This is the traditional Thanksgiving meal of Lifetime movies with all the usual fixins: sexy troubled teens, drugs, underage sex, and single mothers.
So, the movie opens with a funeral for a teenage boy, unfortunately named Kale, which promptly gets crashed by Vanessa (90210’s Jessica Lowndes). The boy’s mother spots her across the room and has her kicked out. Are funeral bouncers a thing? We find out that Vanessa is almost 18, and has run through her fair share of foster homes since her mom died. She’s getting displaced again; her social worker explains that while she was a suspect in Kale’s death (which explains getting kicked out from the funeral), she’s been cleared of any suspicious involvement. She has a vision of her dead mom, which happens a lot in this movie.

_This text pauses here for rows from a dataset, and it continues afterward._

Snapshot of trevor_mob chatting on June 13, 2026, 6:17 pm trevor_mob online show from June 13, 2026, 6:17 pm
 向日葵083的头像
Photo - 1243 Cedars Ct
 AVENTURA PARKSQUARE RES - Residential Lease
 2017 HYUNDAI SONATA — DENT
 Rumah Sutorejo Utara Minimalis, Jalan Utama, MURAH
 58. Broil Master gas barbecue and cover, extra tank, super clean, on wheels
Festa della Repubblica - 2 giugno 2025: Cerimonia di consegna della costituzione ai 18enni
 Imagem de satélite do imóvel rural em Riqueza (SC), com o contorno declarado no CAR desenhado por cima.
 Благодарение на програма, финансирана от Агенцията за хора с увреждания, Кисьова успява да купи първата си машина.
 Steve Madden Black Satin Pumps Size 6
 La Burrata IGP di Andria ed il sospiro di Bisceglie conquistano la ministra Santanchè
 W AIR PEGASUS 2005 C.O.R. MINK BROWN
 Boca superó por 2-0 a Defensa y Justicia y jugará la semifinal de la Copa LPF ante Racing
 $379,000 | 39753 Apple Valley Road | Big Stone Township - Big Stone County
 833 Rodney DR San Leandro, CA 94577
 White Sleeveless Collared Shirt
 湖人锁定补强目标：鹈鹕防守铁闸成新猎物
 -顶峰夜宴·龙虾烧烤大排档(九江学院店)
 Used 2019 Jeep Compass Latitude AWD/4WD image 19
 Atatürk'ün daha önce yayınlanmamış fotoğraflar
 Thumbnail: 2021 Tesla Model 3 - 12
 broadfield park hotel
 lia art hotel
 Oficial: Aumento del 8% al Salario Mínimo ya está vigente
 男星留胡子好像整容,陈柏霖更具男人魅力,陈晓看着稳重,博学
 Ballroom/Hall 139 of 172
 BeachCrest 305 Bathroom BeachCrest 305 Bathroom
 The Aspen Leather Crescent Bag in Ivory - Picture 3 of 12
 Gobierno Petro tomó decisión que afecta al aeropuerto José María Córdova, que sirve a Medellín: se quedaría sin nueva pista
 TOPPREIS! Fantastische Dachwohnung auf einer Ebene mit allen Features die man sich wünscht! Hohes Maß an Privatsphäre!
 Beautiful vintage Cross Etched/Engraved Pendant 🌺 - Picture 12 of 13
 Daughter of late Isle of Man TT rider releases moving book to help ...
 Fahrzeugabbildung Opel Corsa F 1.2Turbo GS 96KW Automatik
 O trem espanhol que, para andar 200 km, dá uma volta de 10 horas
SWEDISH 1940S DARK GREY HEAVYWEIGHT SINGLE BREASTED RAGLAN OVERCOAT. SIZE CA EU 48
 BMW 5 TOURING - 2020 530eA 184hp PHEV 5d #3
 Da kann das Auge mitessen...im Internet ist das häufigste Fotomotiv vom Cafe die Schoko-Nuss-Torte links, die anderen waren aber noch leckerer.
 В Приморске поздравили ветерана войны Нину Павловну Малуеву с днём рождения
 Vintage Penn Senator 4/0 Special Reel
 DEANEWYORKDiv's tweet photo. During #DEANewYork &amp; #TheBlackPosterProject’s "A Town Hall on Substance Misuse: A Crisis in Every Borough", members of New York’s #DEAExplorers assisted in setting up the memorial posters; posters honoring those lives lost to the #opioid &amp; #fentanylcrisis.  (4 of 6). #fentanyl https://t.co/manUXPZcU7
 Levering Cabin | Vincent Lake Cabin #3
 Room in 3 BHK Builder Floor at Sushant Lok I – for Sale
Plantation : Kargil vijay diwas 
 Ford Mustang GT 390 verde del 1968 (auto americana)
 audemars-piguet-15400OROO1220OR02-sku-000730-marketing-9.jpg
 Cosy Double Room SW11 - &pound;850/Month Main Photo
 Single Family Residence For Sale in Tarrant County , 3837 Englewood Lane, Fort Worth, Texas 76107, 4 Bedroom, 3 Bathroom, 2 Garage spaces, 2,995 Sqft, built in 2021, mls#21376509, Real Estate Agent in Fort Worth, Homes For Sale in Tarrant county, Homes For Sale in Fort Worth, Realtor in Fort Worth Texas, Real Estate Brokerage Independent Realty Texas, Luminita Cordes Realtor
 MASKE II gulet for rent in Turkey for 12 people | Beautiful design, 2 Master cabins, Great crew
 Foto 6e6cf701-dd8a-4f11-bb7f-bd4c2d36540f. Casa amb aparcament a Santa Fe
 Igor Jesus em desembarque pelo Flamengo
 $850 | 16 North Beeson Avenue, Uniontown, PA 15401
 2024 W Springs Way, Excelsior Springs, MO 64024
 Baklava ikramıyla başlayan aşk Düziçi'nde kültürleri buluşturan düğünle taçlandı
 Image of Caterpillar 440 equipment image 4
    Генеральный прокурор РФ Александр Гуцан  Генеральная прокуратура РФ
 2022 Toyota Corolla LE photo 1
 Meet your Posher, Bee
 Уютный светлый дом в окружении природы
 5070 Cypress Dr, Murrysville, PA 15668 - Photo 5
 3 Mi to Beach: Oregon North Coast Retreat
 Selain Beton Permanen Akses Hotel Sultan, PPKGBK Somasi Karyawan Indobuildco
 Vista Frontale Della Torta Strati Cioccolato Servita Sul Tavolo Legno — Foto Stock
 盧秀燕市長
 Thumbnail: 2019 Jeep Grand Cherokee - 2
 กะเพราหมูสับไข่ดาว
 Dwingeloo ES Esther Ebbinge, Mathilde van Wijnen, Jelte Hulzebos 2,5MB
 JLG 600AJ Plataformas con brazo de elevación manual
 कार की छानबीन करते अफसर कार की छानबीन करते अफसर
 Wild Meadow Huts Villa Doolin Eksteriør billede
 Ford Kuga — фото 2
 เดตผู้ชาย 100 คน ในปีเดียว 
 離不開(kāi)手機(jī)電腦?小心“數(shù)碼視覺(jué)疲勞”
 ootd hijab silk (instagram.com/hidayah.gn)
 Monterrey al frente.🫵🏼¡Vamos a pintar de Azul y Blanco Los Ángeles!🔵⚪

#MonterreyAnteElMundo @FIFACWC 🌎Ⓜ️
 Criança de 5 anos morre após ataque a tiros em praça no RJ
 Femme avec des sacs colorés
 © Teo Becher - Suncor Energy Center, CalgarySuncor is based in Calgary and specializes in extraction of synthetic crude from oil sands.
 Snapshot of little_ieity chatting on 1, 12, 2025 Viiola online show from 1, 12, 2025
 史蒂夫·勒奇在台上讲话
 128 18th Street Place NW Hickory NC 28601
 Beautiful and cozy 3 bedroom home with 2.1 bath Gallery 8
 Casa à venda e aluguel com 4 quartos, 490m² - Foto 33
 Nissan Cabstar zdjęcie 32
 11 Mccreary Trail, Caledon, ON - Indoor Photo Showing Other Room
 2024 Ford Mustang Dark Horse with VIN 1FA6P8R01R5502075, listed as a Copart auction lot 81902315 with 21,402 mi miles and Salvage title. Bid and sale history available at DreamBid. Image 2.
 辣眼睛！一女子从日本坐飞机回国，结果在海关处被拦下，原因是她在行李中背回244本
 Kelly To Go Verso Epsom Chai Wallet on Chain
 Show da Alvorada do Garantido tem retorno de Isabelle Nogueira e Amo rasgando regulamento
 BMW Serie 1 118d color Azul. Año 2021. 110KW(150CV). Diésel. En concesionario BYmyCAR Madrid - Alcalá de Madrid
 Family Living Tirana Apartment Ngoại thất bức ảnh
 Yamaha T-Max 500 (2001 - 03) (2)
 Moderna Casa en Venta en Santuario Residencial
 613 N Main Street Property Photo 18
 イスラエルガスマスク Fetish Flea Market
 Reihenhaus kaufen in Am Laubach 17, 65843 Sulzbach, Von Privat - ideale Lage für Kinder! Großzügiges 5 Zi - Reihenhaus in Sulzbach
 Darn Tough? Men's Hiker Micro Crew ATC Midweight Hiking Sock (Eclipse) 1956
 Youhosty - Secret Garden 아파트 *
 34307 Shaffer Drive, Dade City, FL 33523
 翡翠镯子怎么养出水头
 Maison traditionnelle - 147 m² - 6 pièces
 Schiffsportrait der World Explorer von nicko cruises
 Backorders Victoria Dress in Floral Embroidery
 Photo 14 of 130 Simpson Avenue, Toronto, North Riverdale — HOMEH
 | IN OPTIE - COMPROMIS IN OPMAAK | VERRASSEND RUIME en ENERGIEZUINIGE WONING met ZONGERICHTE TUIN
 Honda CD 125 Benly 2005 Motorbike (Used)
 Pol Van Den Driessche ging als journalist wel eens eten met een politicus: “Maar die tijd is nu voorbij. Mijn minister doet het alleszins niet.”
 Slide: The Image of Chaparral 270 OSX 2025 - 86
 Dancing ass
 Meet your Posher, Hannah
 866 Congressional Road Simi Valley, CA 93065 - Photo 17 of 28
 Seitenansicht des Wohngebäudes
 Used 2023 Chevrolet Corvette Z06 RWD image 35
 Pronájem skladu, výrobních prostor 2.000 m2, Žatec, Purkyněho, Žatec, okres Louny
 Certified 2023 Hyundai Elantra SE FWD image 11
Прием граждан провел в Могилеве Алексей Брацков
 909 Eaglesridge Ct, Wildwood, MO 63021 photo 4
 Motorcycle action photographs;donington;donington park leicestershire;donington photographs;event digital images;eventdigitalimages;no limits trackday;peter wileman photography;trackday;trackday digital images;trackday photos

Hey, Annabeth Gish! She plays Maddie, semi-recently separated mother to a high school junior, Chris (played by Grant Gustin, who is apparently very charming and cute in The Flash). Her Wikipedia page is mysteriously scrubbed clean of any mention of this movie, but IMDb never lies, AB! The Gish is always very no-nonsense, which I appreciate about her. Anyway, Chris is depressed and despondent since his breakup with his girlfriend Cheryl (note to the writers – no high school girls are called Cheryl anymore!); his grades are bombing and he’s about to get kicked off the track team. AB makes a promise to the principal that Chris will straighten out his grades. Let’s see about that.
But first, we see Vanessa as she unpacks her baggage in her new foster home. By baggage, I mean more visions of her mom (she apparently discovered her mom’s body as a young girl) and pictures of Kale (the boy, not the vegetable). Nobody will be surprised to find out that Kale is shockingly a dead (heh) ringer for Chris. But I’m positive that this is all just a coincidence and Vanessa will end up becoming a loving, supportive friend for Chris and vice versa.
At school, Chris is moping because Cheryl is flaunting her new boyfriend and his jock biceps around the cafeteria. Meanwhile, Vanessa meets with the principal and sweetly reassures her that as per her social worker’s instructions, she will avoid drugs, sex, alcohol, and BOYS. Even though the social worker’s profile also warns that she’s a pathological liar and super delusional, the principal is like, great to hear it!
Vanessa’s loitering outside school when she meets some beefhead jock named Jake, but immediately stops flirting with him upon seeing Chris. She creates some wild scene to beckon his help and he is hook, line, and sinker. She immediately convinces him to skip track practice so they can hang out. Chris’s friends, Matt and Cam, approve since Vanessa is basically smoking hot and way out of everyone’s leagues. Vanessa and Chris go for a walk and eat ice cream and kiss. It’s a little adorable. They part ways, and when he gets home, he gushes about her to AB. Just then, Vanessa shows up. How did she even know where he lived? Oh well, no time to think about these details! AB is basically suspicious immediately, because that is basically The Gish’s permanent mode. I feel like The Gish always knows when someone’s lying.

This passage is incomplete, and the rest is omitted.